14  Chi-squared Test

14.1 Goodness of Fit Test

In this section we use a chi-square test to determine whether a population being sampled has a specific probability distribution.

14.1.1 A Multinomial Population

Multinomial Experiment

A multinomial experiment is one that possesses the following properties.

  1. The experiment consists of a fixed number \(n\) of trials.

  2. The outcome of each trial can be classified into one of \(k\) categories, called \(cells\).

  3. The probability \(p_i\) that the outcome will fall into cell \(i\) remains constant for each trial. Moreover, \(p_1 + p_2 + ...+ p_k = 1\)

  4. Each trial of the experiment is independent of the other trials.

Testing Market Shares

Company A has recently conducted aggressive advertising campaigns to maintain and possibly increase its share of the market (currently \(45\%\)) for fabric softener. Its main competitor, company B, has \(40\%\) of the market, and a number of other competitors account for the remaining \(15\%\).

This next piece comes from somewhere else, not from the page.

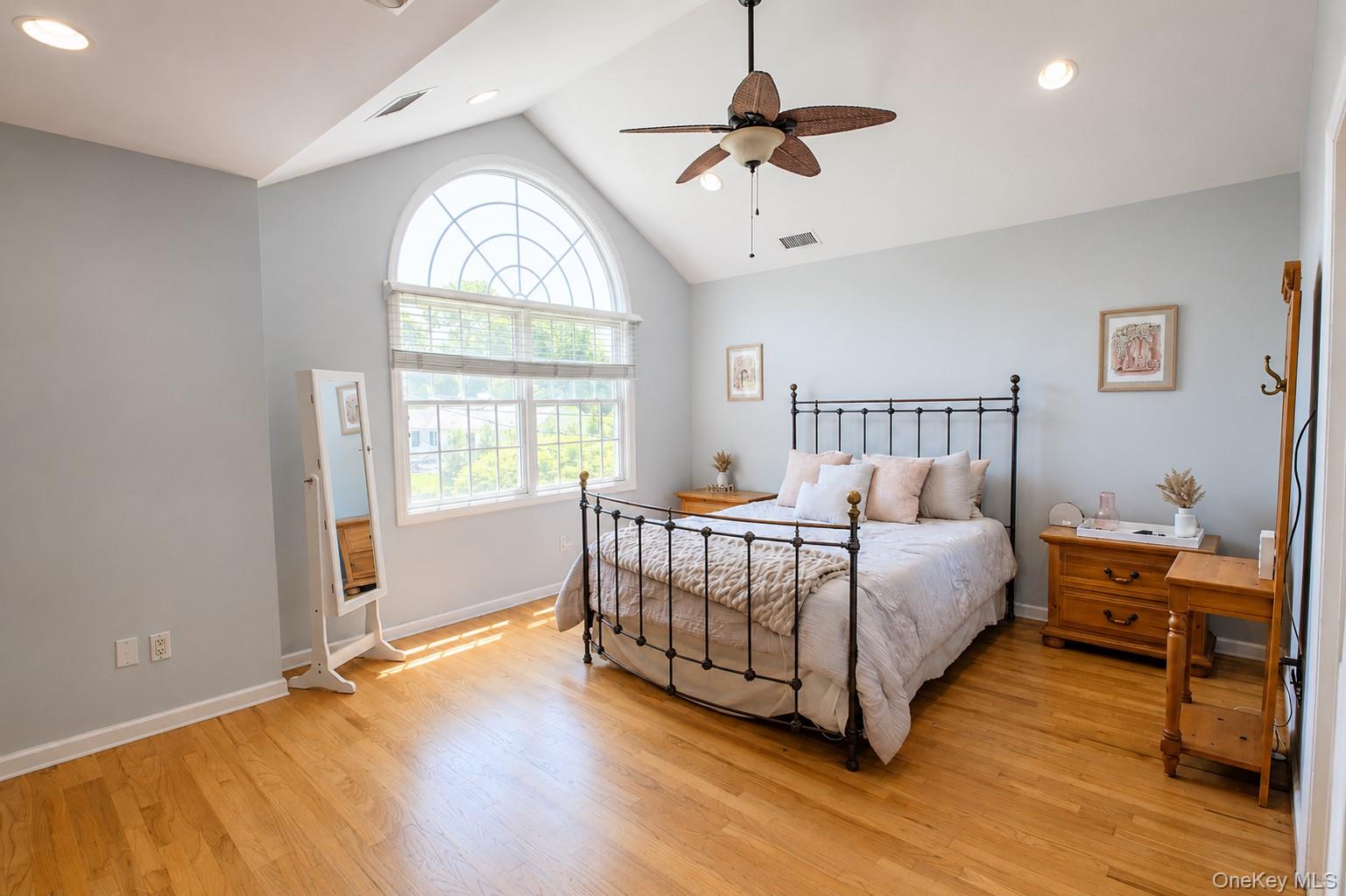 257 4th Street St. James, NY 11780 - Photo 16 of 36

To determine whether the market shares changed after the advertising campaign, the marketing manager for company A solicited the preferences of a random sample of 200 customers of fabric softener.

Of the 200 customers, 102 indicated a preference for company A’s product, 82 preferred company B’s fabric softener, and the remaining 16 preferred the products of one of the competitors. Can the analyst infer at the \(5\%\) significance level that customer preferences have changed from their levels before the advertising campaigns were launched?

We recognize this experiment as a multinomial experiment, and we identify the technique as the chi-squared goodness-of-fit test. Because we want to know whether the market shares have changed, we specify those precampaign market shares in the null hypothesis.

\[ H_0: p_1=0.45;\ \ p_2=0.40; \ \ p_3=0.15 \]

The alternative hypothesis attempts to answer our question, Have the proportions changed? Thus,

\[ H_1: At \ \ least \ \ one \ \ p_i \ \ is \ \ not\ \ equal\ \ to\ \ its\ \ specified\ \ value \]

Chi-Squared Goodness-of-Fit Test Statistic

\[ \chi^2 =\sum_{i=1}^k \frac{(f_i-e_i)^2}{e_i} \] \(Where, \ \ f_i=observed \ \ frequency \ \ and \ \ e_i=expected \ \ frequency\)

Note that, \(e_i=n*p_i\)

The sampling distribution of the test statistic is approximately chi-squared distributed with \(k-1\) degrees of freedom, provided that the sample size is large.

Test Statistic calculation

Company Observed frequency, \(f_i\) Expected frequency, \(e_i\) \((f_i-e_i)\) \(\frac{(f_i-e_i)^2}{e_i}\)
A 102 90 12 1.60
B 82 80 2 0.05
Other 16 30 -14 6.53
Total 200 200 \(\chi^2=8.18\)

Critical value

At \(\alpha =0.05\) and for \(df=3-1=2\), \(\chi^2_\alpha=5.99\) .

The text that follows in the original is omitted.